His timing was good. Importing ice from the United States and Norway was expensive and unreliable for a remote colony like Victoria. A locally-made alternative was immediately attractive.
Beer First, Then Meat
Also in 1856, Harrison was commissioned by a brewery to build a machine that could keep beer cold during fermentation and storage. He delivered. The brewing industry adopted refrigeration almost immediately, and meatpacking factories weren’t far behind.
Think about what that meant in practical terms. In a country as hot as Australia, the ability to reliably chill food and drink wasn’t a luxury – it was a genuine shift in how people lived and ate. Refrigeration changed what could be sold, stored, shipped, and served.

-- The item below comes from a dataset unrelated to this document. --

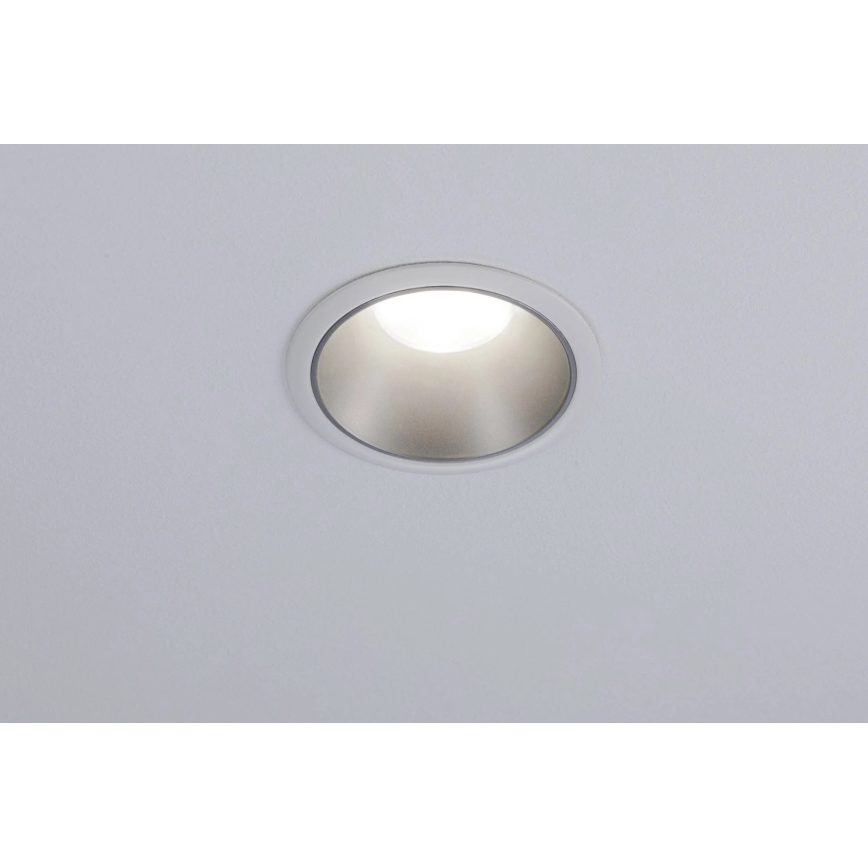 Paulmann 93410 - JUEGO 3xLED/6,5W IP44 Plafón de baño regulable COLE 230V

In 1873, Harrison demonstrated the staying power of his process at the Melbourne Exhibition. He showed that meat kept frozen for months remained perfectly edible, and walked away with a gold medal.
The Voyage That Broke Him
By 1873, a new challenge was being debated: could frozen Australian meat be shipped all the way to Britain? American unrefrigerated beef had a stranglehold on the British market. Australian producers needed a way in, and refrigeration looked like the answer.
Harrison decided to be the man who proved it. He prepared the sailing ship Norfolk and loaded it with frozen beef for the voyage to the United Kingdom.
It went badly wrong. His approach relied on a cold room system packed with ice rather than an onboard mechanical refrigeration unit. Partway through the voyage, the ice ran out faster than anticipated. Temperatures rose. The cargo spoiled and had to be discarded.
Harrison arrived in Britain without his meat and without his money. The failure bankrupted him and, perhaps more damaging, shook public confidence in refrigerated meat for years.
Someone Else Got There First
Six years later, in 1879, a separate team succeeded where Harrison had failed. Using a purpose-built refrigerated chamber and a slightly different approach, they delivered frozen Australian meat to Britain. Queen Victoria sat down to a thawed plate of Australian lamb.
Harrison’s name wasn’t part of the celebration.
It’s a rough footnote to an otherwise remarkable career. The man who developed the practical mechanical refrigeration process, built the machines that changed the brewing and meatpacking industries, and proved frozen meat was safe to eat – lost the race by one critical engineering decision on one ship.
What Happened to Harrison
He returned to journalism after the failed voyage, becoming editor of The Age in Melbourne. He went back to Geelong in 1892 and died at his Point Henry home on 3 September 1893, aged 77.
His legacy lives on in a few quiet ways. The James Harrison Bridge spans the Barwon River in Geelong. A plaque at 100 Franklin Street, Melbourne marks the site of the Victorian Ice Works he founded in 1859. The Australian Institute of Refrigeration Air Conditioning and Heating’s most distinguished award is the James Harrison Medal. And the James Harrison Museum committee has acquired land at Rocky Point – the site of his original machine – with plans to build a museum there.
Why He Matters to the Industry Today
Harrison’s work sits at the foundation of everything the refrigeration and air conditioning industry is built on. The vapour-compression cycle he pioneered in the 1850s is still the basis of how modern refrigeration systems work. The principles haven’t changed. The technology has just gotten smaller, smarter, and significantly more efficient.
Every cool room, every chilled display cabinet, every split-system air conditioner running in homes and businesses across Australia traces a direct line back to a Scottish printer cleaning type with ether in a Geelong newspaper office.
Not bad for a bloke who started out setting type for a London publisher.
James Harrison (17 April 1816 – 3 September 1893) is recognised as a pioneer of mechanical refrigeration and the founder of the Victorian Ice Works. The Australian Institute of Refrigeration Air Conditioning and Heating’s James Harrison Medal honours his contribution to the industry.